RECORDS TO PROCESS

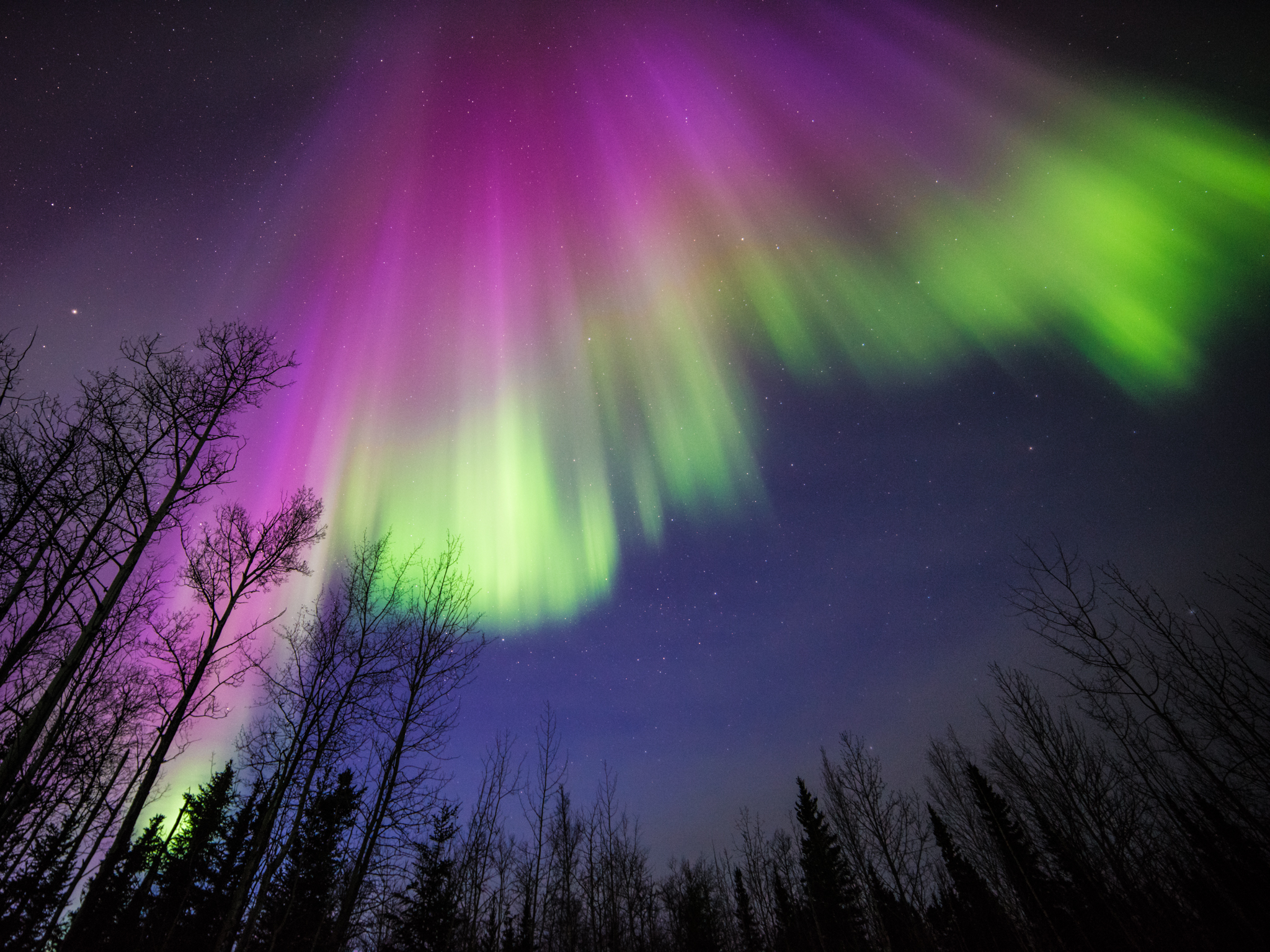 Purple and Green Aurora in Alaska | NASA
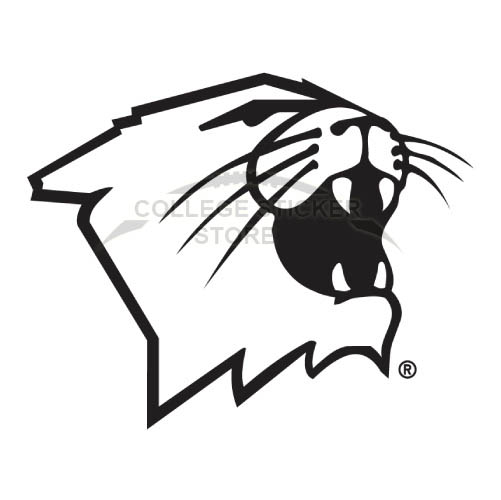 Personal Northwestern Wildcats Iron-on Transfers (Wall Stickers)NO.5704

---

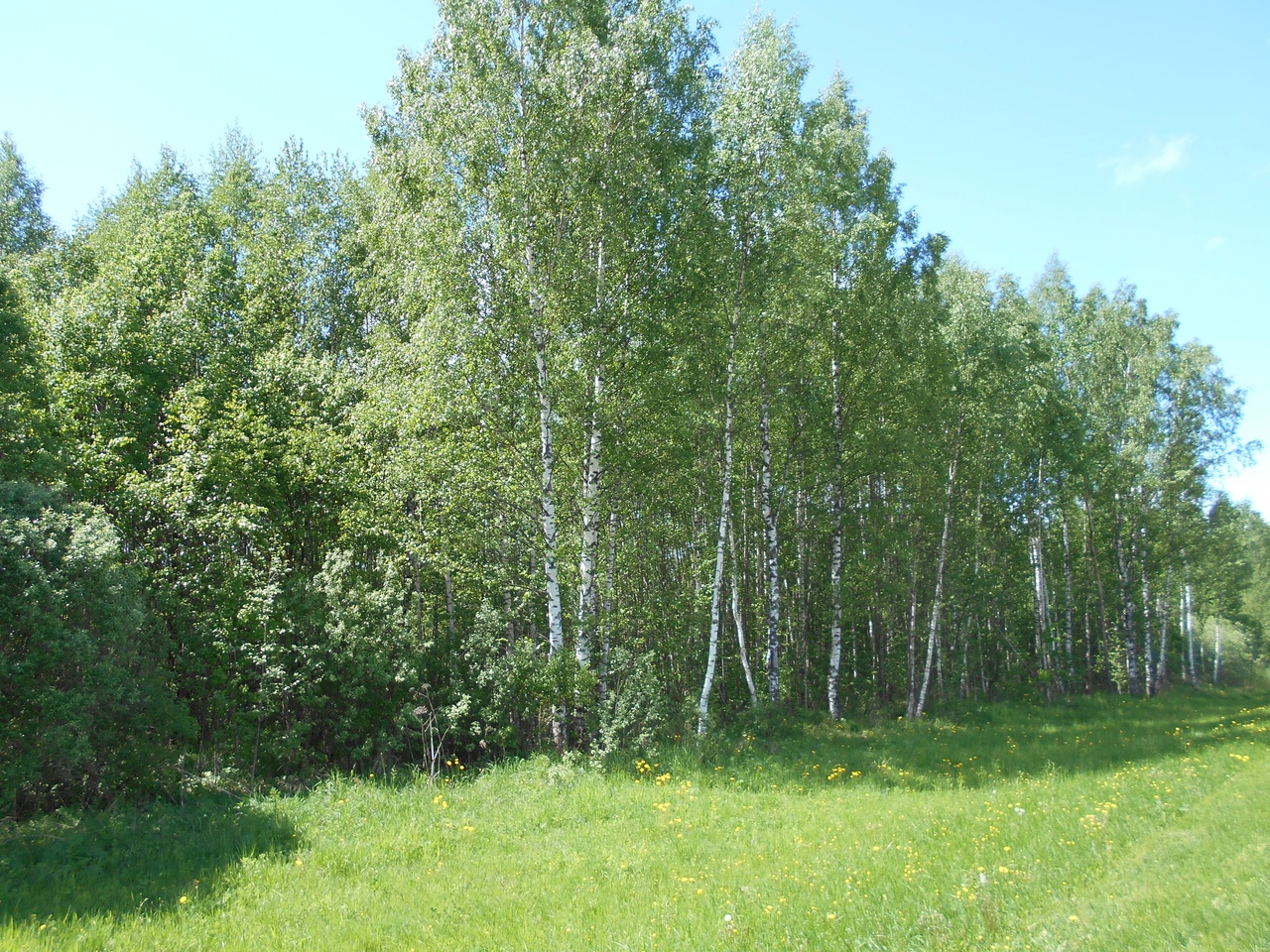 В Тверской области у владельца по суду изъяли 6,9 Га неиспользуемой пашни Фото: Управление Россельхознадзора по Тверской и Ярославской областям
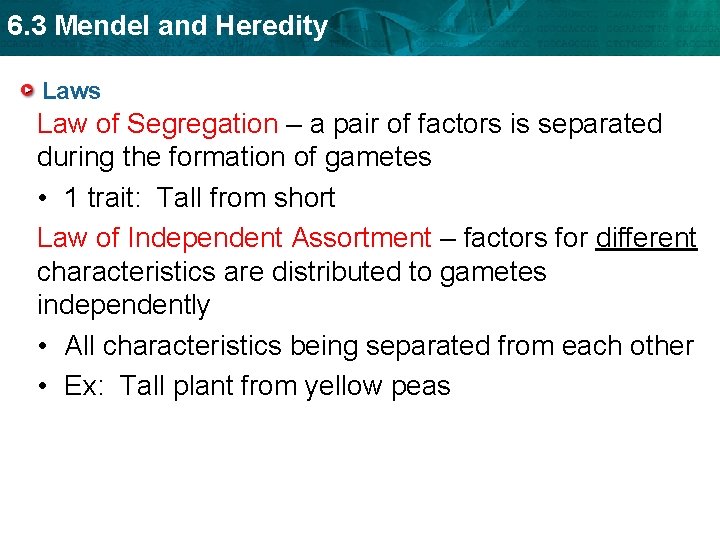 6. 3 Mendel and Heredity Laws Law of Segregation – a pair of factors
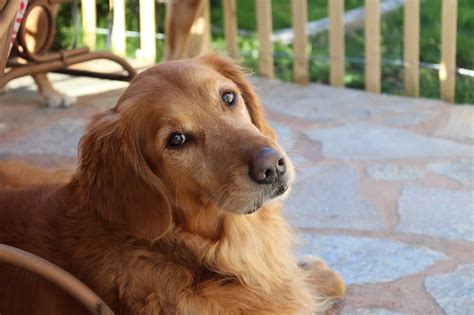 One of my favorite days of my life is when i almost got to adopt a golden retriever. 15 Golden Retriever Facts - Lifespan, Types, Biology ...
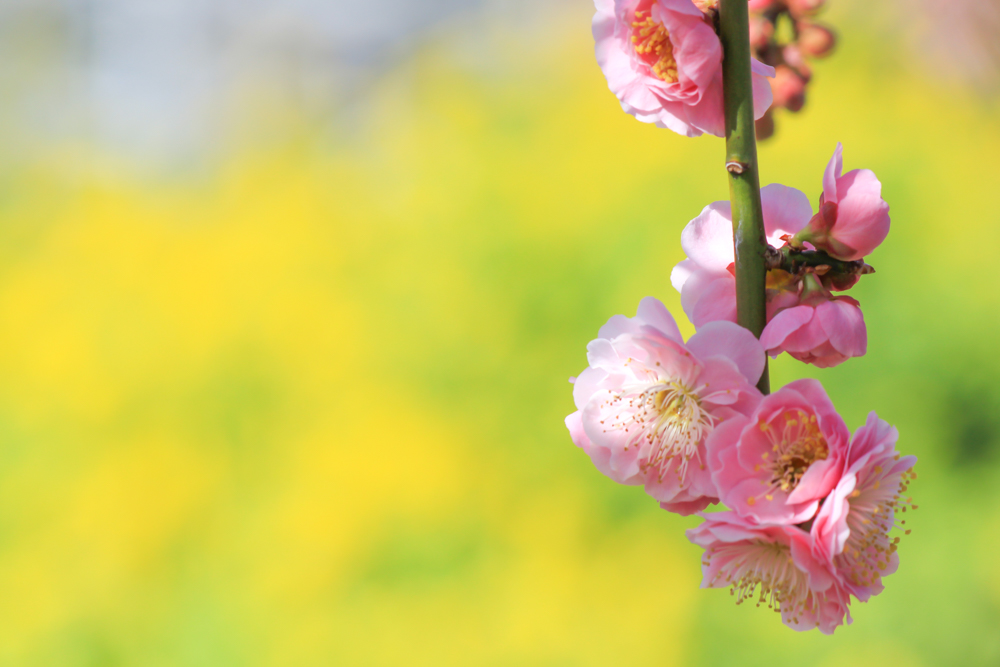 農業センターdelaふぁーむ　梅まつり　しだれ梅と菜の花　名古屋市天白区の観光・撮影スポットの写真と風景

==

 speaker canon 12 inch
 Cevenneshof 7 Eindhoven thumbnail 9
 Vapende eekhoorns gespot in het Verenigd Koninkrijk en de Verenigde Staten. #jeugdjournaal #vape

TO DO
Reproduce only the lines above, starting at the line with "speaker canon 12 inch" and ending at the line with "Vapende eekhoorns gespot", exactly as written.

ANSWER TO THIS TASK
 speaker canon 12 inch
 Cevenneshof 7 Eindhoven thumbnail 9
 Vapende eekhoorns gespot in het Verenigd Koninkrijk en de Verenigde Staten. #jeugdjournaal #vape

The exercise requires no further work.